299 Directors’ Duties and Liability in the EU

As in scenario 1, but Director A discloses his interest in Target to the board of Bidder, and a majority of the uninterested directors approves the acquisition.

Director A is liable under Companies Act (Chapter 1, Section 8 as described in point 1). Also the above-mentioned Supreme Court case KKO 1997:110 shows that non-disclosure of essential factors may cause liability even when the director does not participate in the decision-making.

As in scenario 1, but when the shareholders of Bidder learn of A’s interest in Target, they ratify the transaction, believing that it is in the company’s interests.

Director A is liable under Companies Act (Chapter 1, Section 8 as described in point 1). Also the above-mentioned Supreme Court case KKO 1997:110 shows that non-disclosure of essential factors may cause liability even when the director does not participate in the decision-making. The ratification of the shareholders does not remove Director A’s duty to disclose his or her knowledge of the discrepancy between the purchase price and the value of the assets.

Director A is majority shareholder and managing director in a competitor of bidder (‘Rival’), which is also active in the mining business. The assets held by Target that Bidder seeks to acquire consist in claims near Rival’s own mining territories.

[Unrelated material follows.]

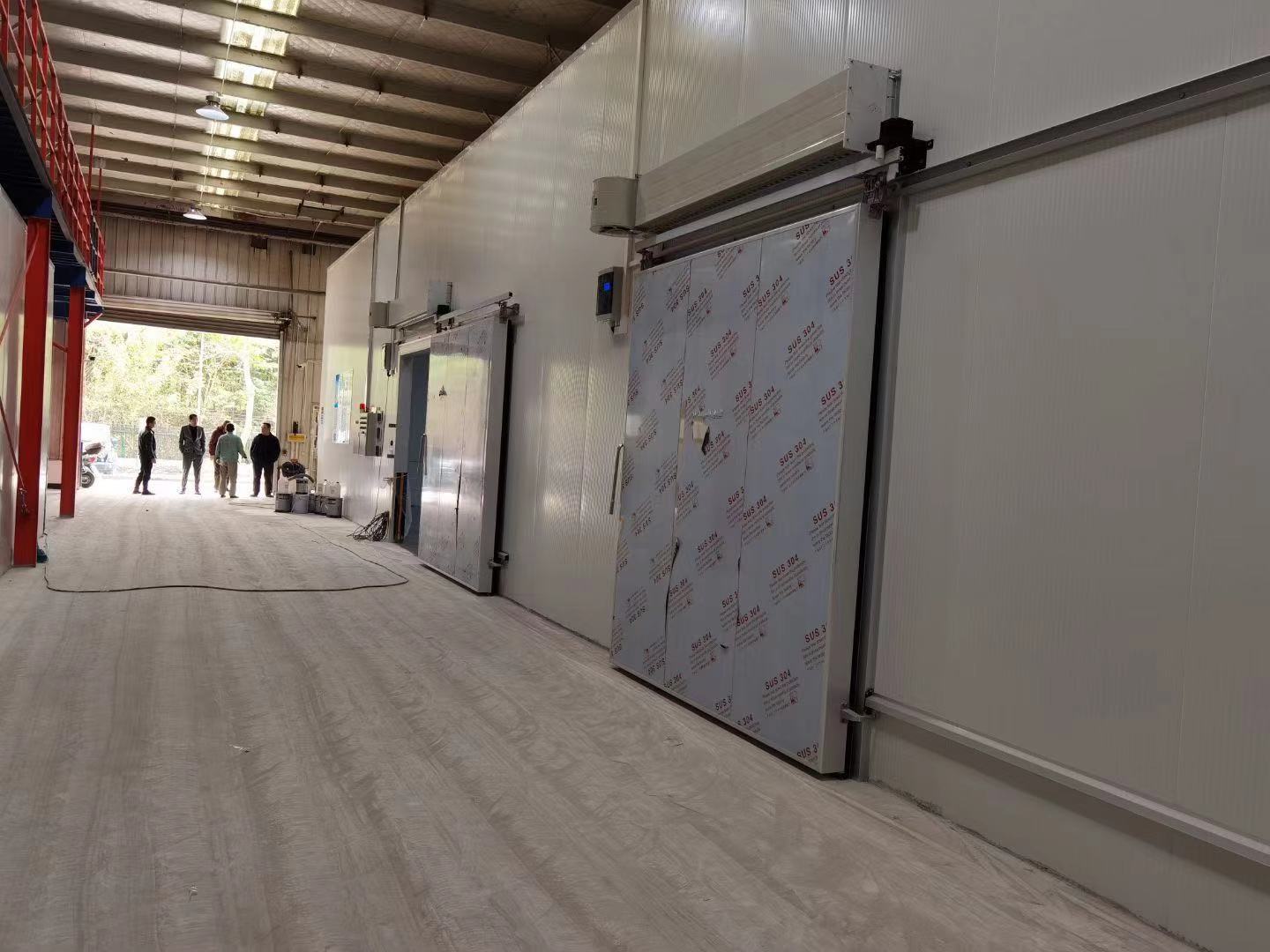 上海11000m3大型冷鏈物流冷庫安裝工程項(xiàng)目(圖3) 上海11000m3大型冷鏈物流冷庫安裝工程項(xiàng)目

Director A is of the opinion that the assets are more valuable for Rival than for Bidder. He therefore arranges for Rival to make a competing and higher offer than Bidder, and Target accordingly decides to sell the assets to the former company.

Director A is liable under Companies Act.

According to legal literature, competing action is forbidden due to duty of loyalty. Although the Companies Act contains no explicit provision on the duty of loyalty, legal literature agrees that it is part of duty or care (Chapter 1, Section 8). This is also stated in the Government Bill for the Act (HE 109/2005 page 79).

According to Chapter 6, Section 4 of the Companies Act A Member [of the Board of Directors] shall likewise be disqualified from the consideration of a matter pertaining to a contract between the company and a third party, if the Member is to derive an essential benefit in the matter and that benefit may be contrary to the interests of the company. The provisions in this section on a contract apply correspondingly to other transactions and court proceedings.

According to Chapter 1, Section 8 The management of the company shall act with due care and promote the interests of the company. (It should be noted that the law includes the board of directors under the definition of management).

According to Chapter 22, Section 1, Sub-section 1, A Member of the Board of Directors, a Member of the Supervisory Board and the Managing Director shall be liable in damages for the loss that he or she, in violation of the duty of care referred to in chapter 1, section 8, has in office deliberately or negligently caused to the company.